The dominance relation states that \(M \succ _\mathcal {R}M'\), if M is more frequent than \(M'\) in \({\mathcal {T}}^-\). If M and \(M'\) have the same frequency in \({\mathcal {T}}^-\), M should have a less positive frequency to dominate \(M'\).

We also define the indistinct relation \(=_{\mathcal {R}}\) between patterns.

Definition 10

(Indistinct relation) Two patterns M and \(M'\) are indistinct (denoted by \(M=_{\mathcal {R}} M')\), iff

$$\begin{aligned}&\left[ freq^-(M) = freq^-(M') \right] \nonumber \\&\quad \wedge \left[ freq^+(M) = freq^+(M') \right] \wedge {\left[ (M \not \subset M') \wedge (M' \not \subset M) \right] } \end{aligned}$$
(5)

The indistinct relation states that two patterns can have the same level of suspiciousness. According to the dominance relation \(\succ _\mathcal {R}\), we define a top-\(k\)  suspicious patterns.

Definition 11

(top-\(k\)  suspicious pattern) A pattern M is a top-\(k\)  suspicious pattern (according to \(\succ _\mathcal {R}\)) iff \(\not \exists P_1,\ldots P_k,\in \mathcal {L}_{\mathcal {I}},\forall 1\le j\le k, \, \, P_j\succ _\mathcal {R}M\).

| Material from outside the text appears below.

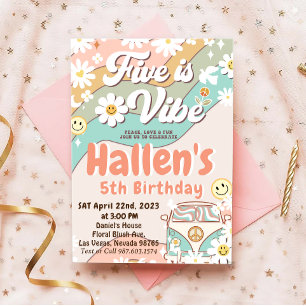 Invitation Cinq a Vibe Super Retro Rainbow 5e anniversaire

Thus, M is a top-\(k\)  suspicious pattern if there exists no more than \((k-1)\) patterns that dominate M. A set of top-\(k\)  suspicious patterns is defined as follows:

$$\begin{aligned} \{M \in \mathcal {L}_{\mathcal {I}}\mid \texttt {elementary}_{}(M) \, \, \wedge \not \exists P_1,\ldots P_k,\in \mathcal {L}_{\mathcal {I}},\forall 1\le j\le k, \, \, P_j\succ _\mathcal {R}M\} \end{aligned}$$

The constraint \(\texttt {elementary}_{}(M)\) allows to specify that M must satisfy a basic property. In our case, we impose that searched suspicious patterns have to satisfy the following property:

$$\begin{aligned} \texttt {elementary}_{}(M) \equiv closed_{freq}(M) \wedge freq^-(M) \ge 1 \wedge size(M) \ge 1, \end{aligned}$$

which means that a suspicious pattern M must be closed in positive and negative test cases, must include at least one statement and must appear at least in a negative test case.

4.3 Mining top-\(k\)  suspicious patterns

This section shows how the top-\(k\)  suspicious patterns can be extracted using constraints dynamically posted during search (Rojas et al. 2014). The main idea is to exploit a dominance relation (noted \(\succ _\mathcal {R}\)) between sets of statements to produce a continuous refinement on the extracted patterns thanks to constraints dynamically posted during the mining process. Each dynamic constraint will impose that none of the suspicious patterns already extracted is better (w.r.t \(\succ _\mathcal {R}\)) than the next pattern (which is searched). This process stops when no better solution can be obtained.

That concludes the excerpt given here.